3. After each batch goes in, sprinkle in the sugar and stir to coat. When I say sprinkle, I mean dump in a wooden spoonful. We did about three large wooden spoonfuls of sugar for this batch, since I bought the wrong onions at Costco (regular yellow instead of amateur move on my part). Mom explained that she normally only uses about one wooden spoonful when using vidalia onions, but these needed some sweetening to take the acidic onion taste down and help with the eventual caramelization process.

This was when the onions just started caramelizing, and got their first one or two stirs.
3. Now, this is the part where I was goofing up. Once you have stirred in the sugar and the onions start cooking down, don't touch them. At all. When do we stir them, you ask? This is the tricky part where my mom's hound-like nose came into play. She smelled the faintest scent of caramelization, and knew to stir. For novices like you and me with useless noses, I'd give it about 20-30 minutes. Once you see the faintest bit of caramelization, turn the heat down to just a pinch below medium and give it a quick mix.

This was about half-way through the caramelization process
4. Keep stirring every 20-40 minutes or so until most of the liquid is dissolved and you have a nice, even, dark color. You want to give the onions ample time on the bottom of the pot to develop that color and sweet flavor, so try and feel it out for when you should stir based on their progress. It's important not to rush this process - don't turn up the heat to speed it up. Just let time and heat do it's thing. When you stir, be sure to scrape up any bits that get stuck onto the pot bottom. There's some super flavors in that.

After adding the wine
5.When all the liquid is gone, your onions are getting some deep color, and they need to be stirred pretty often to prevent burning, then it's time to bring in the wine. We poured in two bottles of white, and scraped up any remaining bits from the bottom. We then added our low-sodium beef broth.

6. Bring your soup to a boil, then reduce heat to a simmer. Cover, and let cook for a few hours (our went for another 3 hours). The ideal goal is to get the liquid to reduce by almost half, so all those flavors intensify and blend together. Uncover in the last hour of cooking.

7. When ready to serve, slice up some pieces of crusty bread and Jarlsberg cheese.
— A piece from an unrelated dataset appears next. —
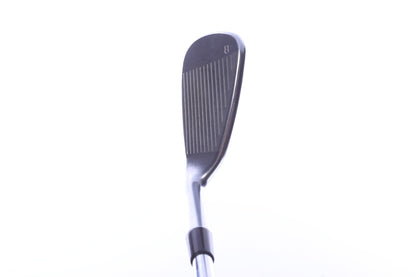 Used Ping G410 Iron Set - Right-Handed - 5-PW - Stiff Flex-Next Round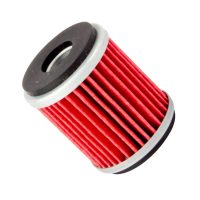 Details about  JASO Oil Filter JF141 - HF141 For Motorcycle Motorbike - Image 2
Place under the broiler, watching them carefully so the bread and cheese don't burn. When the cheese gets melted and bubbly, it's take to take them out. Place immediately in the soup using tongs (be careful not to drop it...the hot splash of soup will hurt!) and let it soak up that fantastic broth. Conversely, you can dish the soup into bowls that are oven-safe, put the bread and cheese in them, and place that directly under the broiler.

8.  Enjoy!

Note: My grandmother and mom both agree that it's best to wait a day to eat the soup, but you don't have to. Just make sure you have leftovers, because the day after is even better.